* _DIRECTIONS_: Copy the listing exactly, please, and keep every picture out of it.
##### RECORDS SUPPLIED
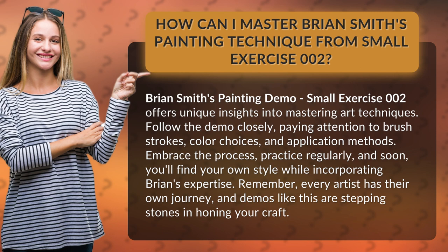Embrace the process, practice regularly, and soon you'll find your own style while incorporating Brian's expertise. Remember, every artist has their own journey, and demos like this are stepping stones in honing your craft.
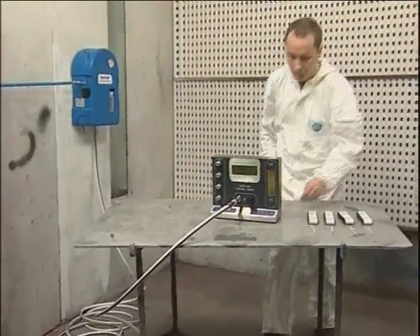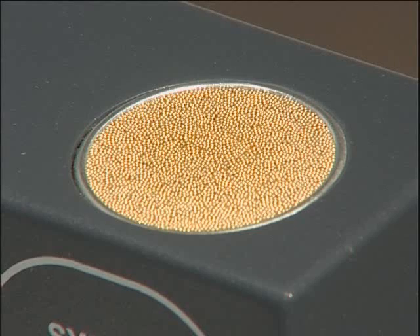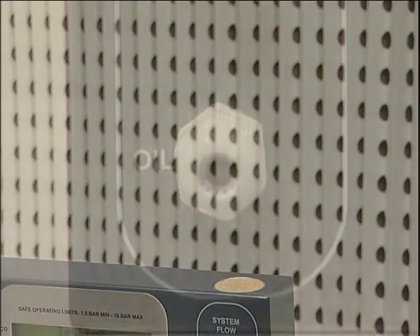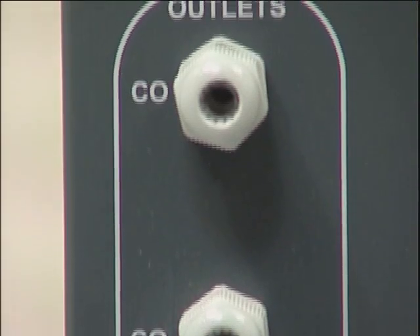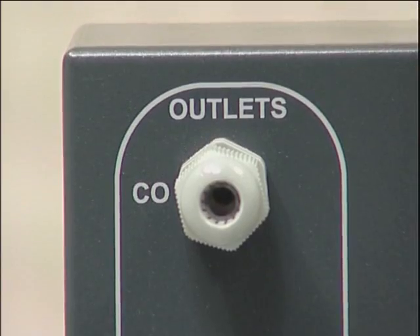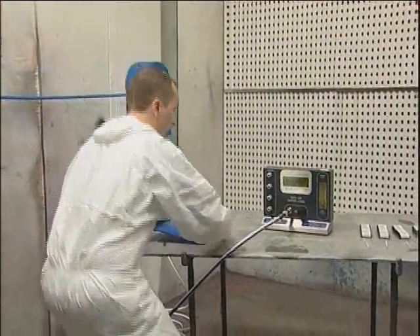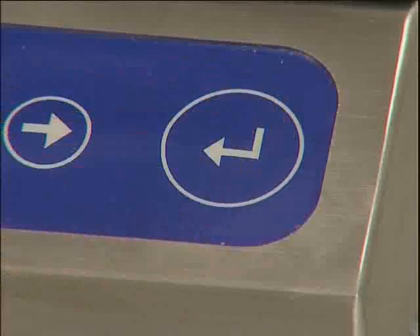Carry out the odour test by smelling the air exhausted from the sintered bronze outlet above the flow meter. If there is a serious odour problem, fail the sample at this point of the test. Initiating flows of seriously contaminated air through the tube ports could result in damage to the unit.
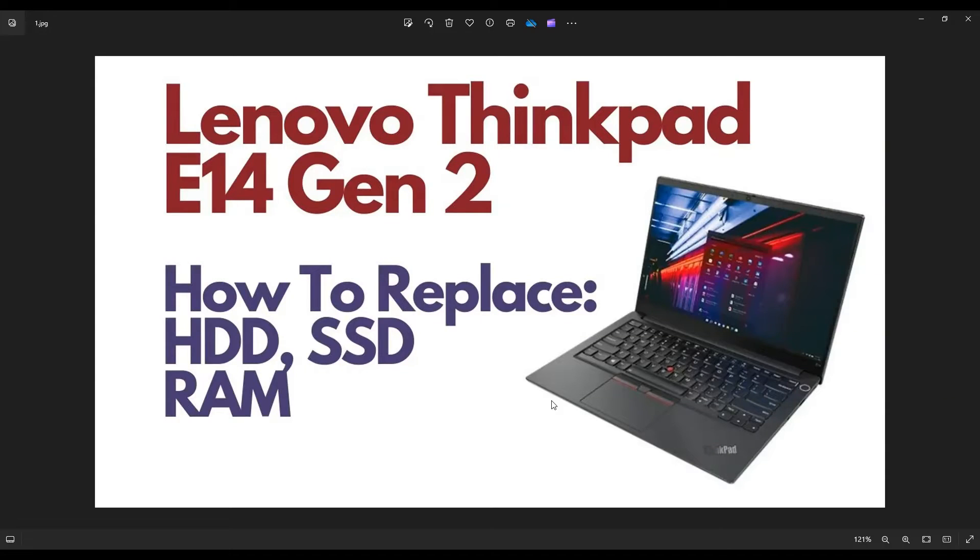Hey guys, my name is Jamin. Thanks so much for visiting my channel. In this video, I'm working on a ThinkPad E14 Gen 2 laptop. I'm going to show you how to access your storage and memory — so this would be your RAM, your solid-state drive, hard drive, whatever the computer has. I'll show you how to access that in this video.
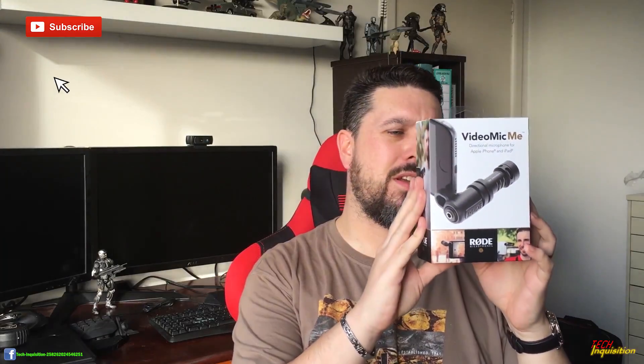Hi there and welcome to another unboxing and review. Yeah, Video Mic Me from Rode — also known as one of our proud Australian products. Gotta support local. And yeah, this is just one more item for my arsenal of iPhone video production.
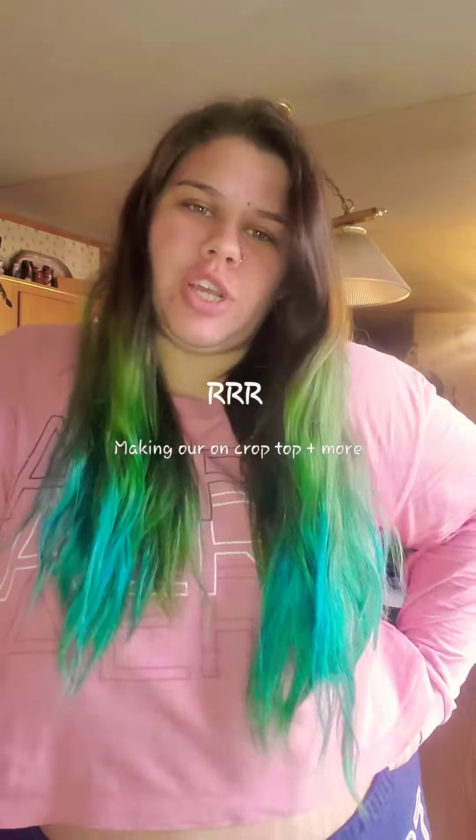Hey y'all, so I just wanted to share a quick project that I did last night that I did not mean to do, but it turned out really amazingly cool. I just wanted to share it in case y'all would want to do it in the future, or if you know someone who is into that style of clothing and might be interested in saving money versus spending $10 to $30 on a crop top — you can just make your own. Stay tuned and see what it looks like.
##########
* _YOUR SOLUTION_:
Embrace the process, practice regularly, and soon you'll find your own style while incorporating Brian's expertise. Remember, every artist has their own journey, and demos like this are stepping stones in honing your craft.
Carry out the odour test by smelling the air exhausted from the sintered bronze outlet above the flow meter. If there is a serious odour problem, fail the sample at this point of the test. Initiating flows of seriously contaminated air through the tube ports could result in damage to the unit.
Hey guys, my name is Jamin. Thanks so much for visiting my channel. In this video, I'm working on a ThinkPad E14 Gen 2 laptop. I'm going to show you how to access your storage and memory — so this would be your RAM, your solid-state drive, hard drive, whatever the computer has. I'll show you how to access that in this video.
Hi there and welcome to another unboxing and review. Yeah, Video Mic Me from Rode — also known as one of our proud Australian products. Gotta support local. And yeah, this is just one more item for my arsenal of iPhone video production.
Hey y'all, so I just wanted to share a quick project that I did last night that I did not mean to do, but it turned out really amazingly cool. I just wanted to share it in case y'all would want to do it in the future, or if you know someone who is into that style of clothing and might be interested in saving money versus spending $10 to $30 on a crop top — you can just make your own. Stay tuned and see what it looks like.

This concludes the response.